Что дает ФЦП? Оно дает возможность вложиться в основные фонды и произвести технологию, которая должна не только закрыть какой-то ОКР, но создать продукт, который ты будешь потом продавать, множить, обогащая тем самым себя и свою страну.
Кириллин: В продолжение вопроса. Я понял по ответу, что никогда отечественному оборудованию не попасть в ваш пакет. Потому что уж лучше, чем на Западе конвенционное оборудование, нашим не сделать. Но есть другое мнение, есть другой подход, согласно которому можно использовать деньги, инвестированные через ФЦП, для приобретения технологий, для приобретения лицензий, или может, для организации отверточной сборки того оборудования, которое широко используется в мире, но под российской маркой на незагруженных предприятиях, по лицензии мировых брендов. И тогда остается наша марка, российская, но есть сервисная сеть по всему миру, рабочие места, налоги в России — вы будете брать такое оборудование?

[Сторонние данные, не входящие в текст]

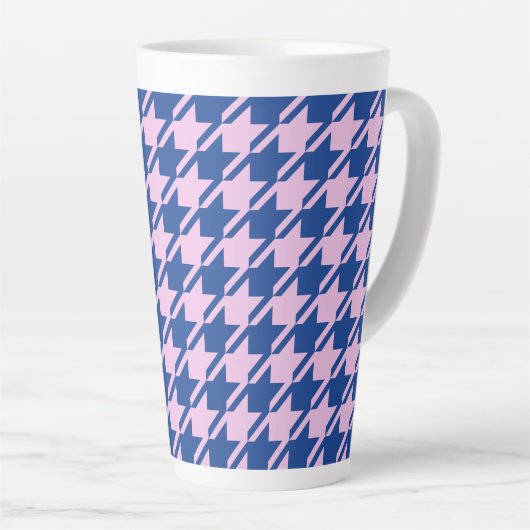Houndstooth Roze + Blauw Grote Patroon Latte Mok (Rechterhoek)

Белентьев: Да мы и так будем. Вот есть голландская компания «Alphatron», по-моему, которая собрала российский пакет: она берет гирокомпасы в Перми, системы динамического позиционирования у компании «Навис» и т. д. Мы также ряд вещей берем у соотечественников.

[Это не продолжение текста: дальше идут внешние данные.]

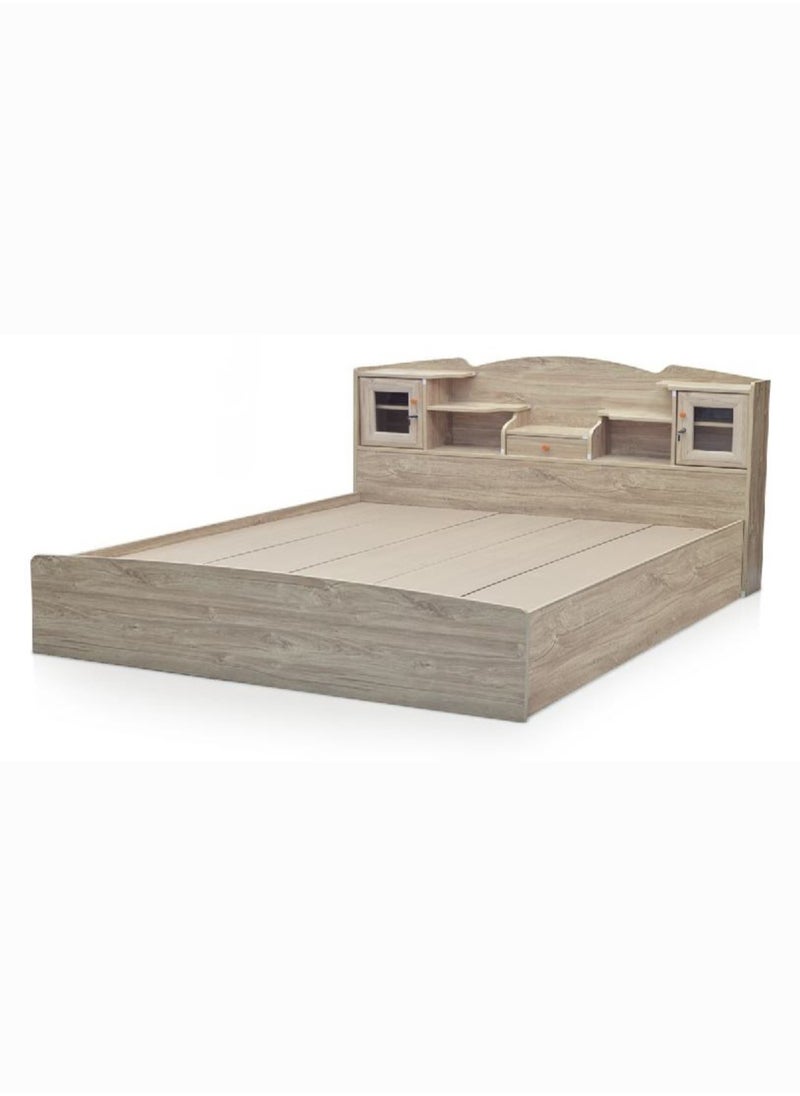 KARNAK Karanak Wooden Bed With Storage Headboard Color Teak Size150x190cm  - Image 1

Кириллин: Но как же вы возьмете это оборудование, если для него нет сервисной поддержки?
Белентьев: Значит, мы эту сервисную поддержку будем организовывать! Не зря мы держим сеть офисов. Сейчас «Транзас» ведет работу над производством радара совместно с заводом «Микран». И надеемся, что они смогут сделать продукцию, требующую минимум техподдержки.

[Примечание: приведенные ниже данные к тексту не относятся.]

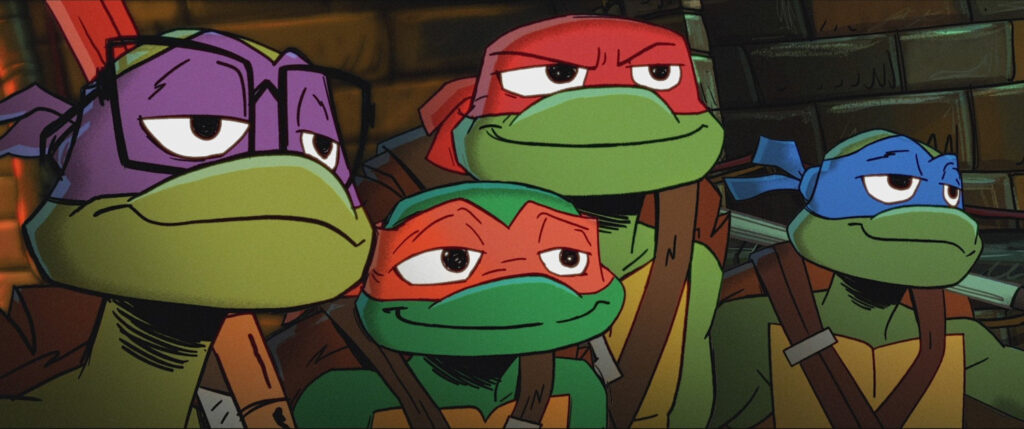 Micah Abbey as Donatello, Shamon Brown Jr. (The Chi) as Michelangelo, Nicolas Cantu as Leonardo, Brady Noon as Raphael, and Emmy® and Golden Globe® Award Winner Ayo Edebiri as April O'Neil in Teenage Mutant Ninja Turtles.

Кириллин: Мы пробовали так работать с «Равенством». И заказали радары, которые потом на берег пошли. Но конфетки не получилось.
Белентьев: Зато мы берем украинскую антенну, с вашей легкой руки, кстати. К сожалению, это предприятие не может обеспечить качество и необходимое количество. Когда к нам поступил запрос на 100 радаров, и мы обратились к ним, то получили: «Мы можем в год выпускать только десять единиц». И чтобы сделать сто, им надо купить новое оборудование. И притом, если они распишут эти затраты на сто единиц, то цена будет ненормальная, вот если на тысячу — на пять лет, тогда все вполне выполнимо. Итальянская компания же, с которой мы тоже сотрудничаем, как раз пошла на это. Когда она увидела перспективу в этих больших антеннах, она приобрела себе соответствующее оборудование с очень высокими параметрами. Дорого заплатили, но это окупилось.
Однажды я был в Дании у компании «S.P. Radio». «Транзас» сейчас заниматься приемо-передатчиками нецелесообразно. Мы не сможем производить подобные комплексы соответствующего качества. А вот коммуникационным дисплеем, который будет управлять всеми этими передающими устройствами, мы могли бы заняться. Мы эту тему понимаем, можем интегрировать в наши системы и имеем хороший опыт работы с подобными пользовательскими интерфейсами. А делать высокочастотную часть — нет смысла, пока есть предприятия, которые сделают это за нас.
Но все-таки про Данию. Я увидел у коллеги интересный станок, спросил. Оказалось, машинка — шильдики делать. Классная, но дорогая, около 90 000 евро стоит, хотя тогда, помнится, были еще экю. А зачем вам она, спрашиваю, такая дорогая? Он говорит: «У меня был заказ, я купил машинку». То есть мы покупаем новые аппараты из прибыли. А они покупают машины, и списывают их стоимость на расходы. Вот - те экономические рычаги, о которых мы говорили, когда государство очень хорошо должно понимать, в каком состоянии находится промышленность. Если ей плохо — нужно где-то отпустить, если слишком хорошо — подзажать. Мы можем делать это и через персональные налоги.
Промышленность по сути надо поддерживать. Снимать деньги надо с индивидуалов.